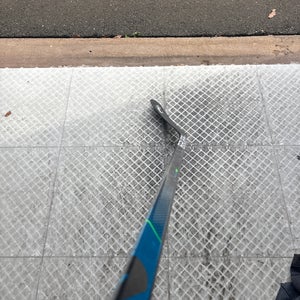 Junior Bauer Nexus Geo Left Hand Hockey Stick P92 30 Flex (Used)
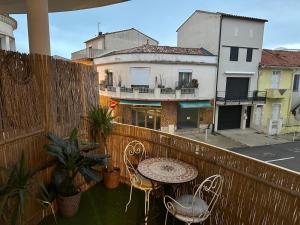 Appart'hotels Suites Aronas-hebergements climatises rive droite plein centre ville : Chambre Double avec Balcon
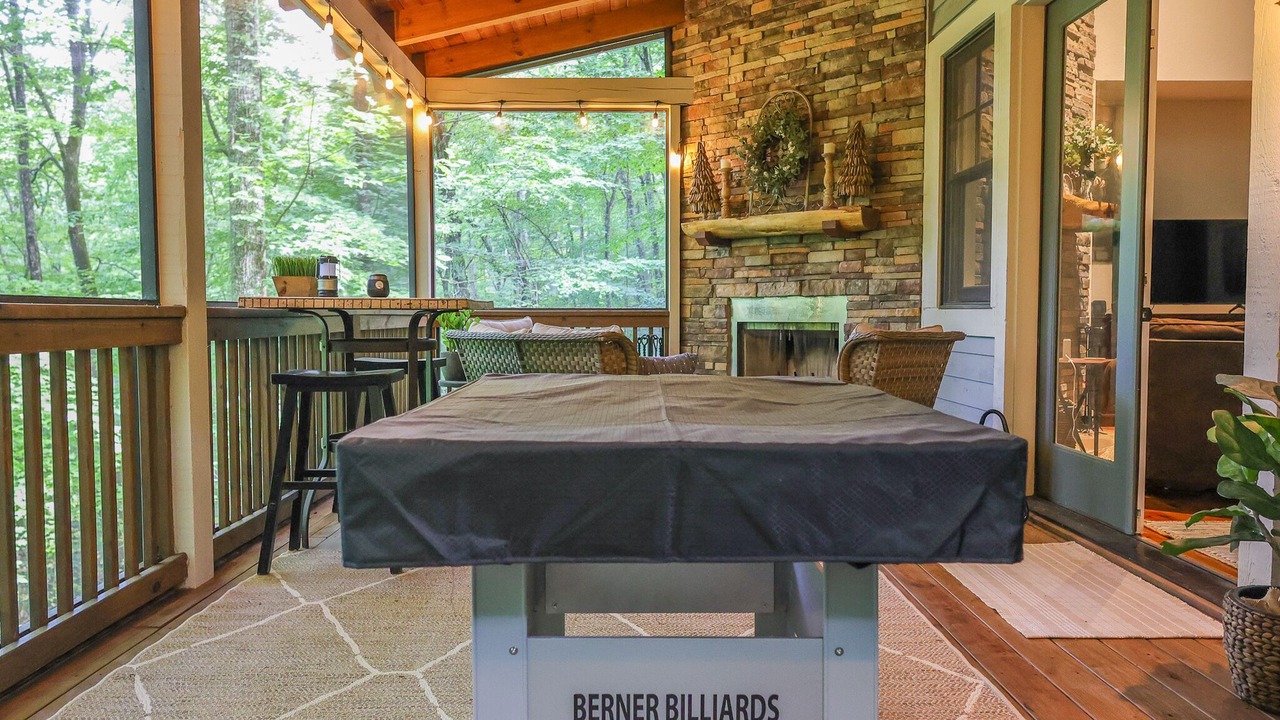 Photo of Livingroom in Bear Lake Reserve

Task to complete: Could the data above be returned in full, exactly, with every image left out?

Written response:
 Junior Bauer Nexus Geo Left Hand Hockey Stick P92 30 Flex (Used)
 Appart'hotels Suites Aronas-hebergements climatises rive droite plein centre ville : Chambre Double avec Balcon
 Photo of Livingroom in Bear Lake Reserve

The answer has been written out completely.